Temporal Logic-Based Multi-Vehicle Backdoor Attacks against Offline RL Agents in End-to-end Autonomous Driving
Xuan Chen 1, Shiwei Feng 1, Zikang Xiong 1, Shengwei An 1, Yunshu Mao 1, Lu Yan 1, Guanhong Tao 2, Wenbo Guo 3, Xiangyu Zhang 1
Published on arXiv
2509.16950
Model Poisoning
OWASP ML Top 10 — ML10
Key Finding
Trajectory-based backdoor triggers defined via temporal logic achieve effective and stealthy attacks across 5 offline RL driving agents, exposing a class of vulnerabilities unexplored by prior pixel-level trigger approaches.
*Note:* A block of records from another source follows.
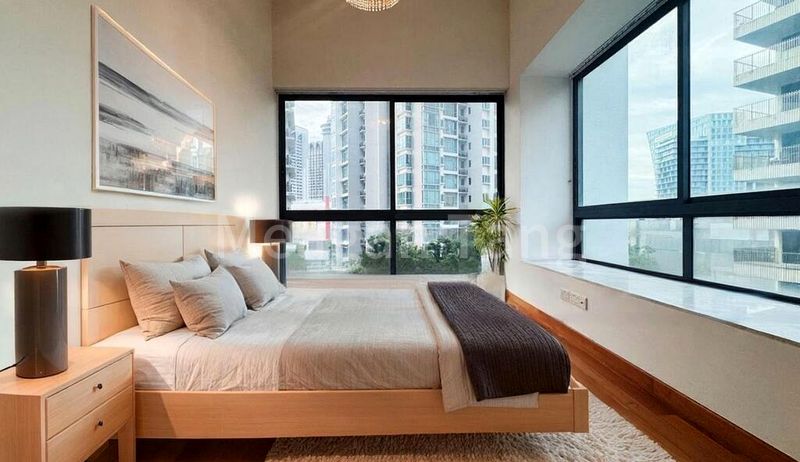 THE SUITES AT CENTRAL 12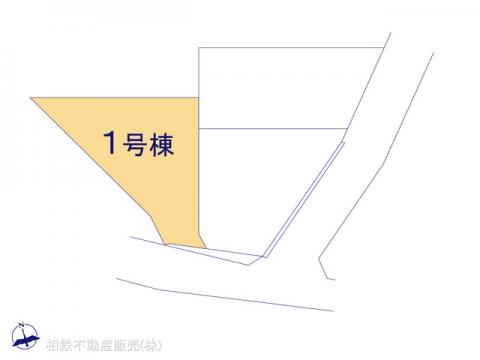 全体区画図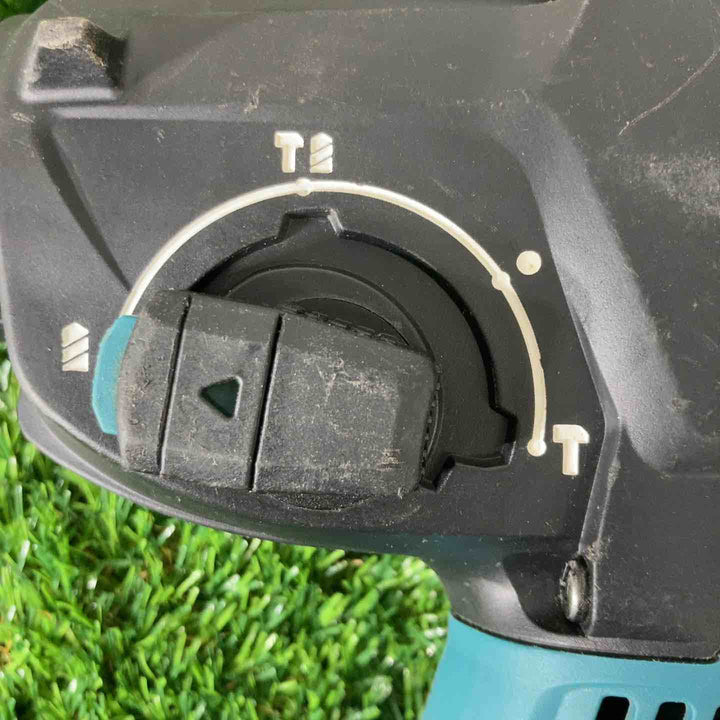 ☆マキタ(makita)18V コードレスハンマドリル HR244DZ ハンドル欠品 本体のみ【戸田店】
TL-based Trajectory Backdoor Attack
Novel technique introduced
Assessing the safety of autonomous driving (AD) systems against security threats, particularly backdoor attacks, is a stepping stone for real-world deployment. However, existing works mainly focus on pixel-level triggers that are impractical to deploy in the real world. We address this gap by introducing a novel backdoor attack against the end-to-end AD systems that leverage one or more other vehicles' trajectories as triggers. To generate precise trigger trajectories, we first use temporal logic (TL) specifications to define the behaviors of attacker vehicles. Configurable behavior models are then used to generate these trajectories, which are quantitatively evaluated and iteratively refined based on the TL specifications. We further develop a negative training strategy by incorporating patch trajectories that are similar to triggers but are designated not to activate the backdoor. It enhances the stealthiness of the attack and refines the system's responses to trigger scenarios. Through extensive experiments on 5 offline reinforcement learning (RL) driving agents with 6 trigger patterns and target action combinations, we demonstrate the flexibility and effectiveness of our proposed attack, showing the under-exploration of existing end-to-end AD systems' vulnerabilities to such trajectory-based backdoor attacks.
Key Contributions
- Trajectory-based backdoor trigger framework using temporal logic (TL) specifications to define, quantitatively evaluate, and iteratively refine attacker vehicle behaviors as physically deployable triggers
- Negative training strategy incorporating near-trigger 'patch trajectories' to suppress false activations and enhance attack stealthiness
- Empirical evaluation across 5 offline RL driving agents with 6 trigger pattern and target action combinations, demonstrating flexible and effective backdoor exploitation
🛡️ Threat Analysis
Core contribution is a novel backdoor injection technique: trajectory-based triggers (defined via temporal logic specifications) are embedded into offline RL agent training, causing targeted malicious actions only when specific multi-vehicle trajectory patterns appear. Negative training strategy is also proposed to improve trigger stealthiness — all hallmarks of ML10.